Sunday, 21 June 2009

What is NGV?

I made a trip to Kuala Lumpur just recently. After the plane touched down, I purchased a taxi voucher which cost me around 60RM to get from KLIA to KL. The taxi driver who took me was friendly. We shared our thoughts about the pros and cons of turning a city metropolitan. Along the way, he stopped by the Petronas fuel station for a top up. I was intrigued when I saw him lift his car bonnet. Usually, sedan cars have their fuel tanks by the side just above the back wheel. He then plugged the hose from the fuel dispenser into where the engine seems to be.

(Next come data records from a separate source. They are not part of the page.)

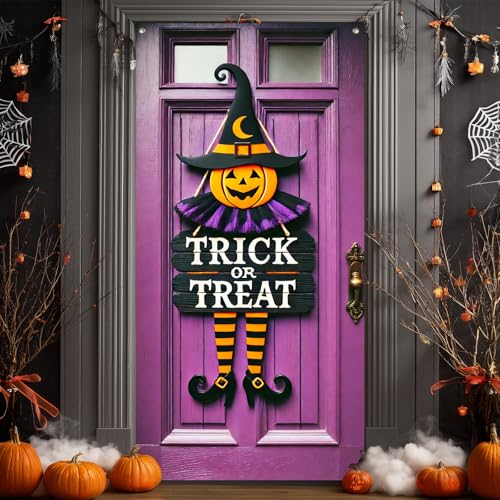Halloween Door Cover Trick Treat Witch 35x71 Inch Polyester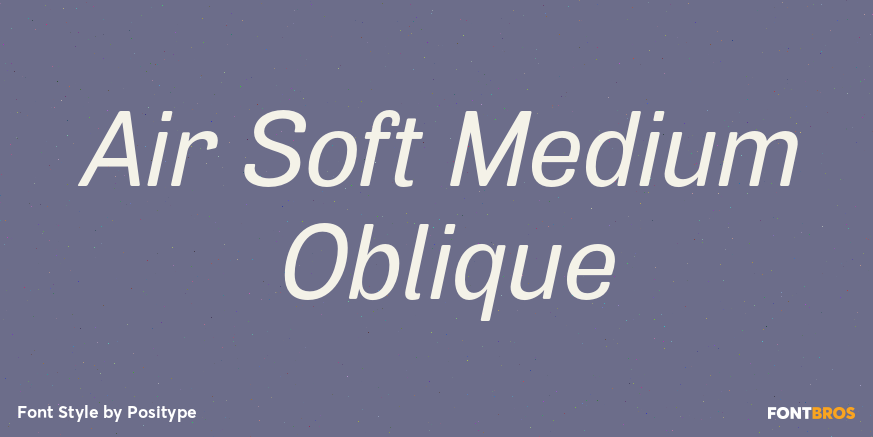 Air Soft Medium Oblique Font Poster #1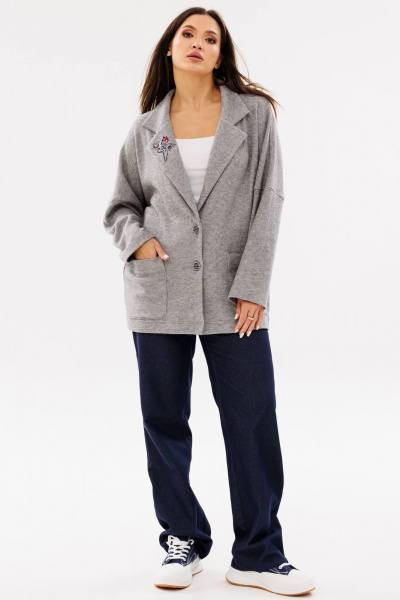 Женский трикотажный кардиган с воротником и накладными карманами Ma Сherie 1107 серый_меланж - фото 5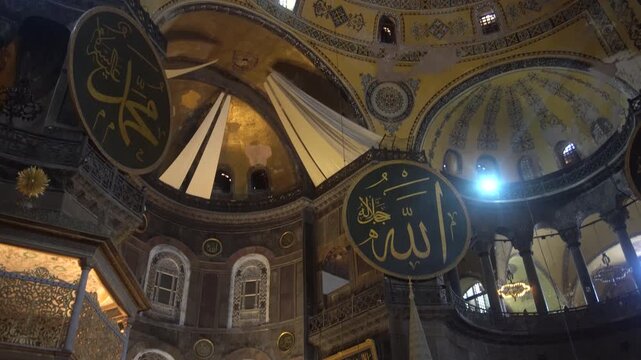 Interior of Sultan Ahmed Mosque Blue Mosque in Istanbul with Historic Ottoman Islamic Architecture and Illuminated Prayer Hall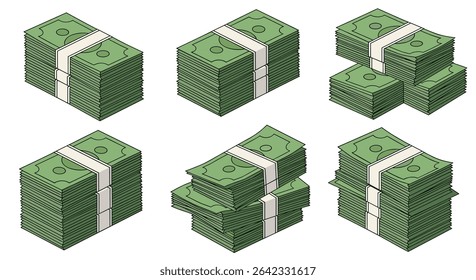 Various Stacks of Currency Representing Finances Wealth and Economic Prosperity in 3D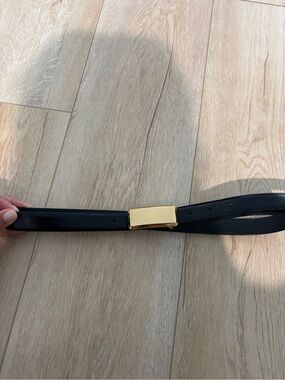 Zara Black Belt with Gold Rectangular Buckle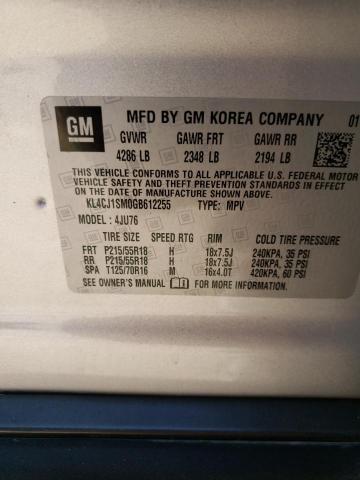 KL4CJ1SM0GB612255 - 2016 BUICK ENCORE SPO SILVER photo 10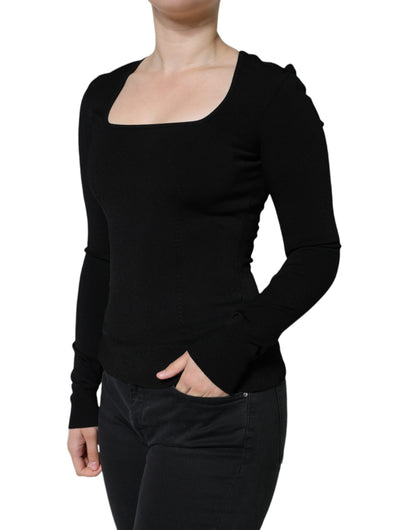 Dolce & Gabbana Black Long Sleeves Blouse Square Neck Top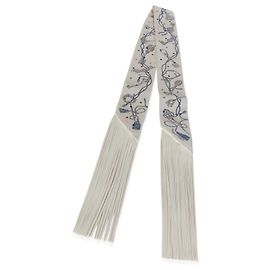 Hermès Creme Gris Perle Multicolore Silk Lambskin Les Cles A Pois Fringe Twilly Outro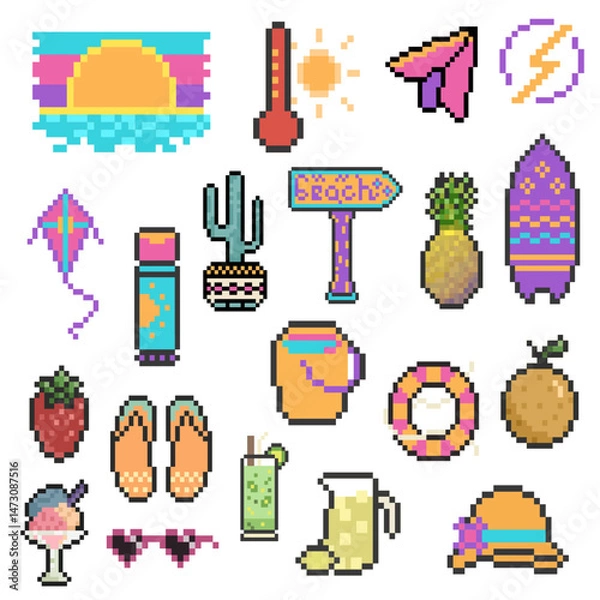 Obraz summer  set pack pixel art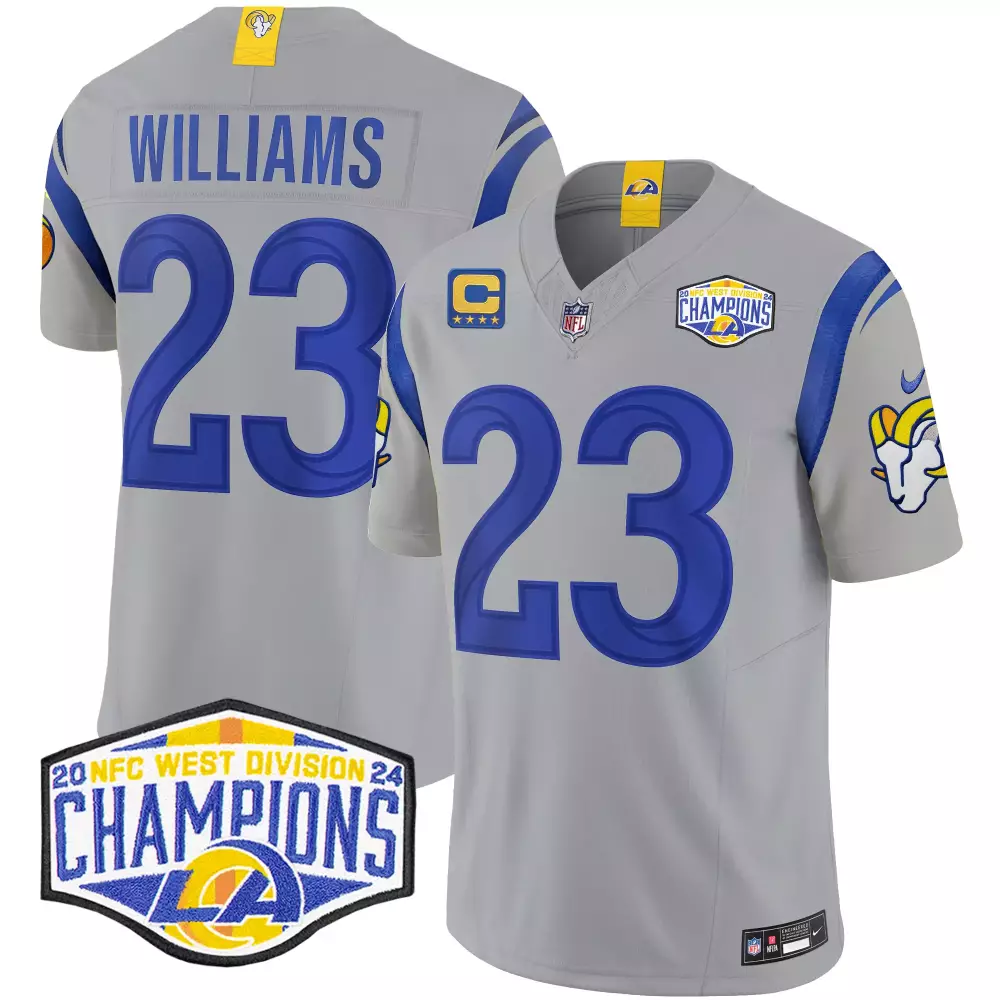 kyren williams gray mens los angeles rams 2024 nfc west division champions vapor limited jersey all stitched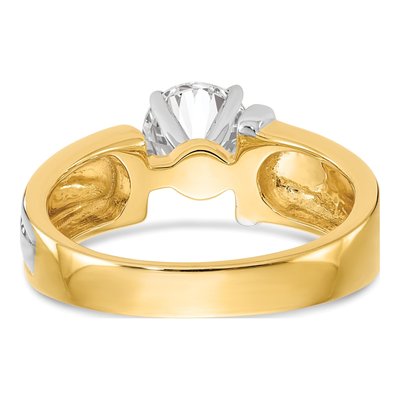 14K Two-Tone Gold Peg Set Solitaire Engagement Ring Mounting – view 6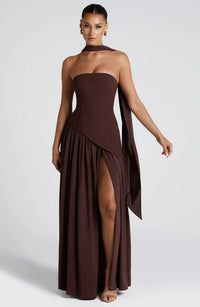 Women's Crepe Strapless Maxi Dress with Halter Tie and High Split - Maisie London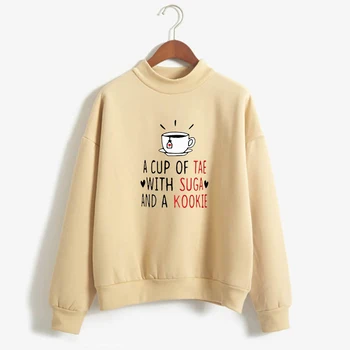 2019 Unisex hoody kpop tricou, o cana de tae cu suga și o prăjitură hoody tricou casual pentru harajuku kpop hoody sus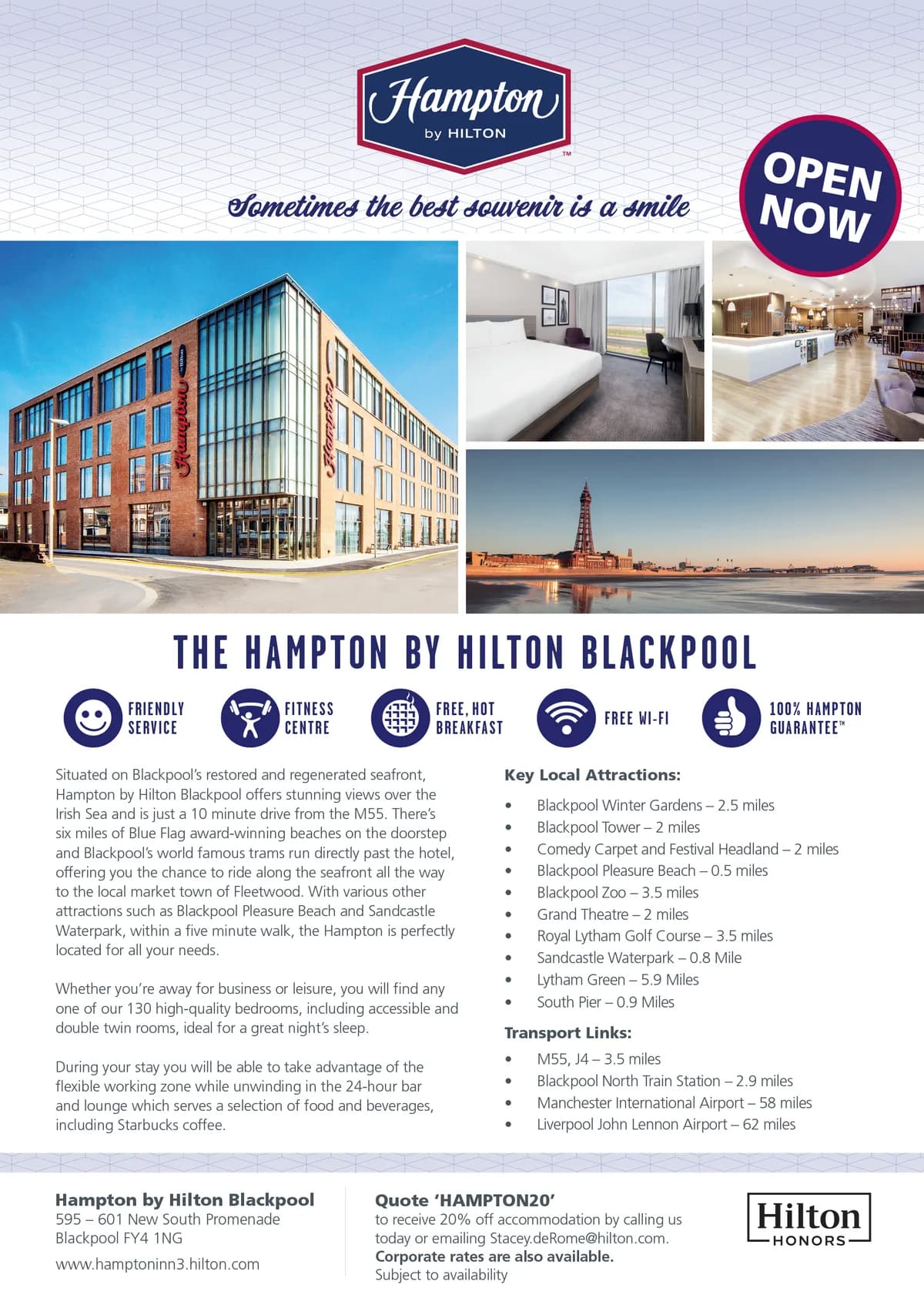 Hampton by Hilton Blackpool promotional flyer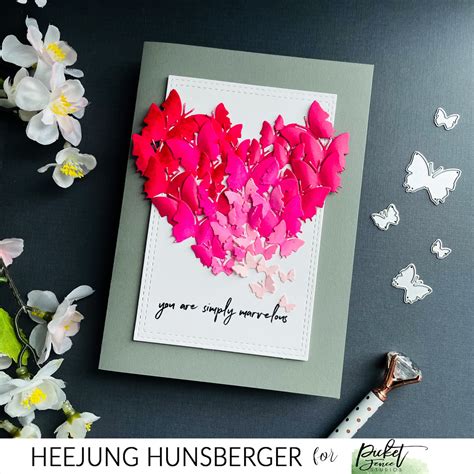 PFS-Butterflies Heart Card - H MADE BOUTIQUE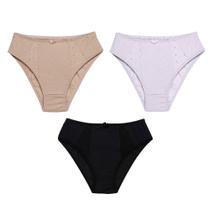 3 Calcinhas Luminate 0189 Laise Bordada Preto Branco Choco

I noticed the label on the fuel dispenser, stating NGV. "What is NGV?", I later asked the taxi driver. He said it is a type of fuel that's like cooking oil but meant for cars. It is cheaper than diesel or gasoline. And, the conversation followed along the lines of this:

Me: What car parts do you need to change for your car to take NGV?
Him: You will have to install a fuel tank that can take NGV
Me: What about the engine? Does it need a different type?
Him: No, it's just the fuel tank that needs changing.
Me: Do all taxis use NGV?
Him: Yes, all if not most taxis use NGV now.

At this point, we passed by the Shell fuel station.

Me: Does Shell have NGV?
Him: No, only Petronas has NGV.

There, we went on to talk about oil companies in our respective countries. Unlike in Brunei where we only have Shell fuel stations, Malaysia has several. There are Petronas, Shell, Caltex, ESSO and BHP.

After a bit of surfing on NGV, it turns out that NGV are vehicles which use liquefied natural gas, a cleaner alternative to gasoline. NGV stands for Natural Gas Vehicle. I googled and found these: resource 1 and resource 2. It's always good to read from several resources to make sure the information is coherent.

Fuel dispenser hose inserted into a fuel tank at the front of the car

Fuel dispenser for NGVs. The steel nozzle on the top right is where the hose will be placed once the refueling procedure is completed.